On most of the songs, the instruments are panned stereo left and
right. This accentuates the interplay between the guitar, horn,
and organ. The opening track, "Featherweight", is a great
example. Only six minutes into the first song, the band has already
found a nice groove before moving on to another style.
With a title like "Batween Tha Sheetz", you know you're
about to hear either hardcore rap or slippery funk. Funk it is. Alto
saxophonist David Caputo really digs in on this track. This
song is in the style of fellow New York, acid-jazz-funk hybrid, Soulive.
But, where Soulive has found a musical niche, Second Movement only
spends five minutes.
"Anything But Reason" provides the perfect soundtrack for
cruising the neighborhood or getting ready to go out on weekend. Guitarist
Mark Hanna does a Santana-tastic job on this one. Tracks
like this seems to define the intended direction of the band, as does
"Moonlight Weightbelt", which is driven by a pulsing bass
and a swirling Wurlitzer.
However, songs like "Spellbound" turn another direction.
This track sounds like it was ripped off of a Mark Goodson
game show. The instruments blend well
almost too well. It's
understandable to reinforce the melody line, but occasionally three
out of five instruments are playing the same hook, note for note.
The result sounds compressed, like a sampled horn section.
"Ev'ry Man A King" provides another quirky style of music.

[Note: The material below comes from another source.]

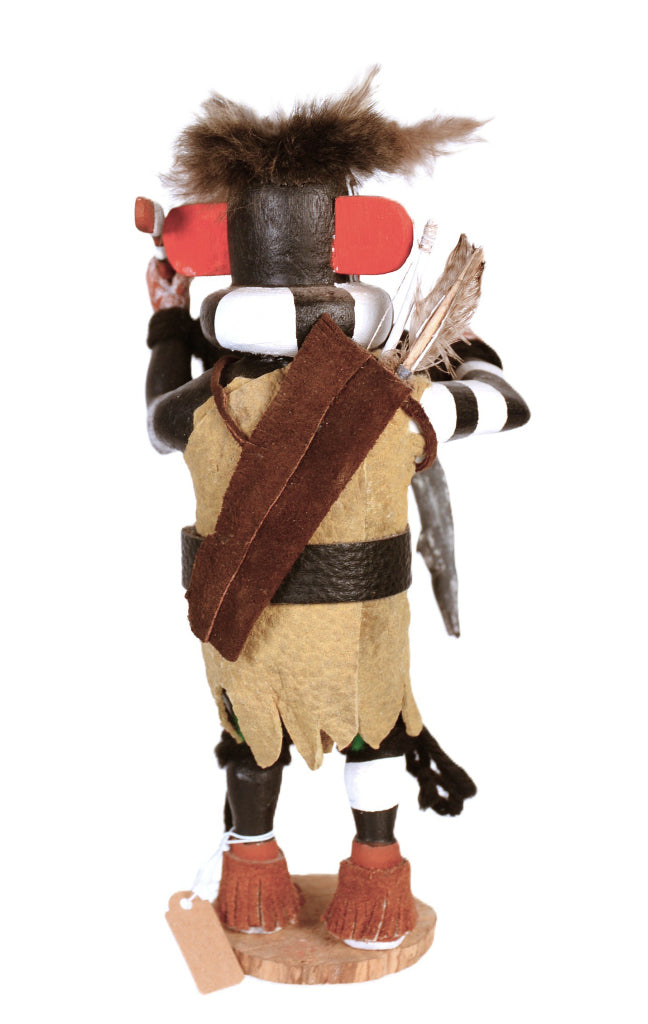 Hopi Pueblo Kachina Doll By Junior Torivio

The song starts off reminding you of a hidden world on Super Mario
3. Not long after, it reveals itself to be a goofy, fluffy track
that would fit well as a sitcom theme song. It's not surprising that
the band has already scored an indie feature.
Overall, the song composition is good, but at times, it seems the
band might be restricting itself by conforming to the melody lines.
There's a sense of anticipation for the next solo. And that's exactly
where Second Movement shines. It's during these fat solos, where the
group backs off, that give the songs space and texture.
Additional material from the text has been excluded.